Rusco suggested that DOI might adopt leasing rates and durations which could be adjusted to reflect a property's relative hydrocarbon prospects. Oynes questioned whether this would be effective. "Some leases have more prospectivity in terms of whether hydrocarbons are there, but this can't be determined until they are actually drilled," he said.
Another witness warned that changing US offshore leasing terms could dampen producers' interest in the OCS. "Fluctuations in prices and costs are something we in the industry have come to expect and have learned to manage. What has taken us by surprise, however, is the change in fiscal terms in the United States," said James W. Farnsworth, president and chief exploration officer at Cobalt International Energy LP, a privately-held Houston independent.
'Even more burden'
"For us, the high cost and technical complexity of the Gulf of Mexico was offset by a stable tax and royalty system. Since 2005, when Cobalt was founded and we began investing over $1 billion, federal royalty rates in the offshore have increased by 50% and lease rental costs have increased by 47%. This increase has occurred despite the fact that oil prices have reverted back to 2005 levels. Additional taxes and fees are now being considered to add even more burden to companies that are trying to find new oil and gas fields here in the US," he told the subcommittee.
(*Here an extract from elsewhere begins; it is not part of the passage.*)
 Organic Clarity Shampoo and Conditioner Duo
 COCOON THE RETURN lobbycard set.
The United States moved into a world without OCS moratoriums or withdrawals for the first time in more than 20 years last fall, "a world we haven't known for some time. Is there more oil and gas out there? Most likely," observed still another witness, National Ocean Industries Association President Tom Fry. New evaluations of areas which have been off-limits for two decades clearly are needed, but they should be conducted by the oil and gas industry and not the federal government, he said.
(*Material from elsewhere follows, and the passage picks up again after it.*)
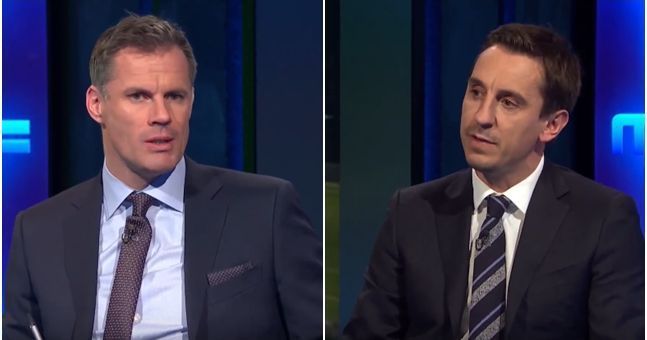 Jamie Carragher and Gary Neville reveal the winners of their End of Season  awards on MNF 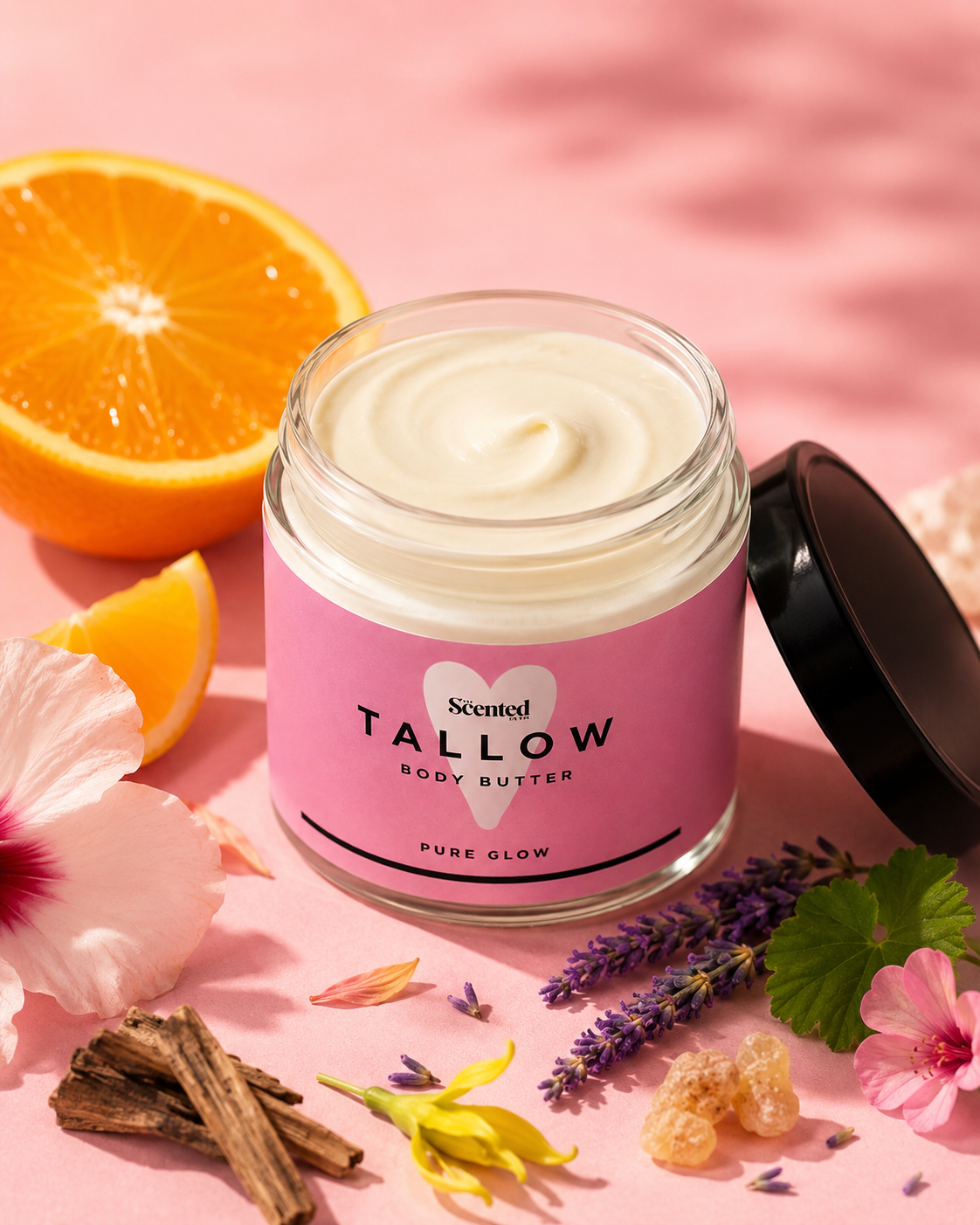 Pure Glow Face/Body Butter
"When you consider how much oil is coming from a comparatively small amount of land offshore, it becomes increasingly clear just how much potential resource may exist in areas in which we haven't looked. As decision-makers, Congress doesn't have all of this information. The information we do have is often over 30 years old and reliant on outdated technology," said Fry, who also testified on behalf of the American Petroleum Institute, Independent Petroleum Association of America, International Association of Drilling Contractors, Natural Gas Supply Association, American Exploration and Production Council and the US Oil & Gas Association.
"We know there are plenty of areas where oil and gas exploration may not be compatible with the landscape. We also know there will be parts of the ocean where resources will not be present or will not be economic. With talk of opening up areas or closing some down, shouldn't we increase our knowledge base so we can have an informed discussion about the consequences?" he said in his written testimony.
Oynes said that if the federal government conducted a full inventory of the OCS, it would take 3-5 years, depending on the type of seismic survey used and several other variables. He said that MMS would close the public comment period soon on gathering information for an environmental impact statement of the Atlantic OCS but does not have funding for the actual EIS. Other funding options are being considered, but Oynes said that he does not expect much activity before 2010.